Crawford continued: “I used to think he was like my bank manager. He was always so immaculately dressed, so precise and so exact. He’d pick his words and speak them slowly. Everyone listened.

“Alf was a man of few words, but he kept you on your toes. If you won on Saturday he would say to us all ‘that wasn’t good enough; I’ll see you on Monday’. If we lost, he would say ‘well done. Have Monday off. Take the wife shopping and I’ll see you all on Tuesday’.

“He wasn’t brutal, but he got straight to the point.

“You would go into his office annoyed about something and leave thinking ‘what was I so angry about?’

“I went in once and asked for a pay rise. He said ‘if I give you more, then I’ll have to give everyone else a rise too’. I said ‘yes, but I’m an England international’, and he said ‘only because of your team-mates’. He always had an answer.

“I only ever took two penalties for Ipswich and there’s a reason for that. I scored one against Huddersfield in the FA Cup, then against Bristol City I kicked the ground and it rolled straight to the keeper. Alf calmly told me afterwards that I would never, ever take a penalty for the club again. And I didn’t!”

It wasn’t all stick, but plenty of carrot, from Ramsey when it came to getting the best out of his players.

“Alf trusted us and treated us like adults,” says Crawford. “He knew we were sensible. We could drink as much as we liked up until Wednesday and then after that it was a ‘no drinks’ rule until after the match on Saturday.

“I think it was the Coach and Horses we used to drink at after the games. And we could drink! Wednesday night was always good. We’d go around all the countryside pubs, drinking and playing darts, raising money for blind charities.

“But when it was time to get back to work, we did, because we respected Alf. Of course, some people in the club didn’t like him, the ones that weren’t playing, but that’s the same with all managers.”

Crawford was the joint-leading goalscorer in the top division when Town won the title in 1962. Capped only twice by his country, he controversially wasn’t included in the Three Lions squad for the World Cup in Chile that year. The modern day equivalent would be Jamie Vardy being overlooked.

“I played in two internationals. In the first one I made a goal for Bobby Charlton. Alf told me off when I came back to Ipswich and said it should have been Bobby setting me up for a goal, not the other way around. I thought ‘thanks Alf!’ In the second game I scored, but at the end of that season I was told I wouldn’t be going to Chile.

“The manager was Walter Winterbottom then, but he didn’t pick the players. It was the directors of all the clubs who selected the squad. I don’t know why they didn’t pick me. Maybe it was because Ipswich wasn’t a particularly fashionable club.

“That all changed when Sir Alf took over in 1963. He politely told all these directors ‘Gentlemen, you do not pick the team anymore; that is no longer your concern’. He picked who he wanted to pick.”

Crawford continued: “I remember sitting in my house in Ipswich, watching us win the World Cup on television – it was fantastic.

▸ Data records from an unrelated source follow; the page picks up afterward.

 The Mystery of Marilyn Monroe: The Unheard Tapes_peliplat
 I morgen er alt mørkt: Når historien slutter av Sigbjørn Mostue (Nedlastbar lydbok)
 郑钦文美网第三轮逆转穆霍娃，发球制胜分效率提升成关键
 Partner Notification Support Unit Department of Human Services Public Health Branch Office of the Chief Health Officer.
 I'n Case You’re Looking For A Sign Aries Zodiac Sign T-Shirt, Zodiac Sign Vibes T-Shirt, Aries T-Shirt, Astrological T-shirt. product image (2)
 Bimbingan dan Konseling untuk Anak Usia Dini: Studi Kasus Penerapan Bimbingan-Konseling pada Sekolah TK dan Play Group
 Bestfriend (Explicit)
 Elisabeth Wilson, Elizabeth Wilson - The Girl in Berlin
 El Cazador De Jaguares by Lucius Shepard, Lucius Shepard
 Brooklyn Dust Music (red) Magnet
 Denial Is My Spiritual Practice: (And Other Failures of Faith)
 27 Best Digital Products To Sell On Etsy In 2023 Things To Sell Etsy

“There was a painter and decorator doing the outside of my house at the time, Reg was his name, and I kept saying to him ‘come in and watch’, but he said ‘no, I’m too nervous – just tell me what’s happening’.

“When I look at that England team, it was a bit of a mishmash, really – big Jack Charlton was not really a centre-half, Bally (Alan Ball) was not a winger and Jimmy Greaves wasn’t fully fit. He got the best out of them, though.”

Looking back on that historic day 50 years ago, does Crawford have any regrets that his name is not now being mentioned in the same breath as Geoff Hurst, Martin Peters and Bobby Moore?

“Not really, no – I was past it by that time,” he says. “I’d had my prime years – 1960 to 1965 was when I should arguably have got more caps.

“Alf knew what he wanted in his team and the style he wanted to play. I respected him and he didn’t owe me any explanations (for not picking me).

“I got a few injuries after 1965 and though I was still scoring goals I wasn’t as sharp. Maybe if Alf had been the manager from ’62 onwards it would have been different for me. Who knows?

“I saw him a few times around Ipswich when he was England manager and we always remained friends. I was sad when he got the sack and the way it happened.”